En total, un total de 28 activistas de Sea Shepherd fueron arrestados y cuatro barcos fueron confiscados entre 2014 y 2015.
En 2017, Sea Shepherd dio seguimiento a sus campañas presentando una denuncia legal ante la Comisión Europea, entregando un expediente de lo que afirmó ser evidencia que demostraba que Dinamarca había violado la ley de la UE al facilitar la matanza de delfines en las Islas Feroe. El caso fue inicialmente desestimado por la comisión, según declaraciones de Sea Shepherd.
Caza de delfines 2021
El 15 de septiembre de 2021, los balleneros de las Islas Feroe masacraron a 1.428 delfines de flancos blancos del Atlántico después de conducirlos a aguas poco profundas en la playa de Skalabotnur en Eysturoy, una matanza en masa sin precedentes que generó críticas incluso de algunos miembros de la comunidad ballenera. que normalmente caza una fracción de ese número en un año entero. El capataz de caza correspondiente tampoco fue notificado de la caza y no la aprobó, como se exige.

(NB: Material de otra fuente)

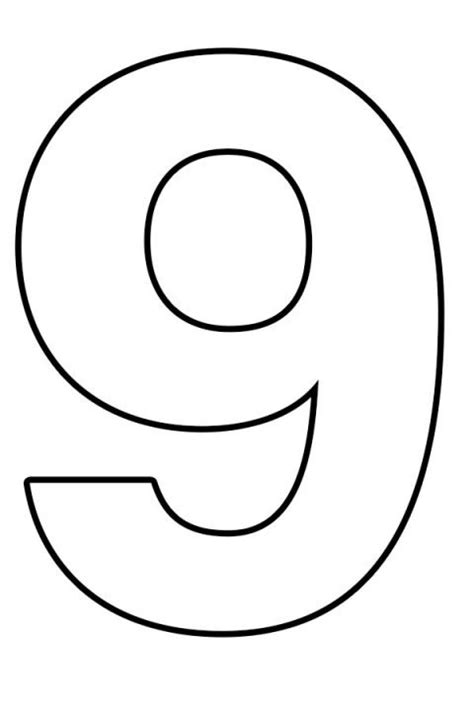 Free Printable Number 9 Template Coloring Page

Los informes posteriores han sugerido que se han producido "muchos errores". se hicieron al expulsar a tantos delfines hacia la bahía y que la falta de balleneros disponibles prolongó la vida de los delfines. sufrimiento. Después de la caza, una encuesta encontró que la mayoría de los feroeses se oponían a la caza de delfines, pero querían que continuara la caza de ballenas. Los defensores de los derechos de los animales han pedido un boicot a los productos del mar de las Islas Feroe y la suspensión del acuerdo comercial post-Brexit de £580 millones. El 16 de septiembre, el Primer Ministro de las Islas Feroe, Bárður á Steig Nielsen, prometió una revisión oficial de la caza de delfines en medio de la protesta y la atención de los medios internacionales.
En julio de 2022, el gobierno de las Islas Feroe estableció una cuota provisional de caza de delfines de 500 animales al año. Los activistas criticaron el objetivo como "una farsa", ya que, desde 1996, aparte de la matanza de 2021, solo ha habido otros tres años en los que se mataron más de 500 delfines: 2001, 2002 y 2006. La propuesta de una cuota específica, señaló Sally Hamilton, de la organización benéfica de conservación marina Orca, tenía como objetivo "formalizar algo que antes no estaba formalizado", a pesar de que hay poco mercado para la carne de delfín y el 53% de las islas Feroe se oponen. la caza de delfines, frente al 83% de los isleños que apoyan la matanza de calderones piloto.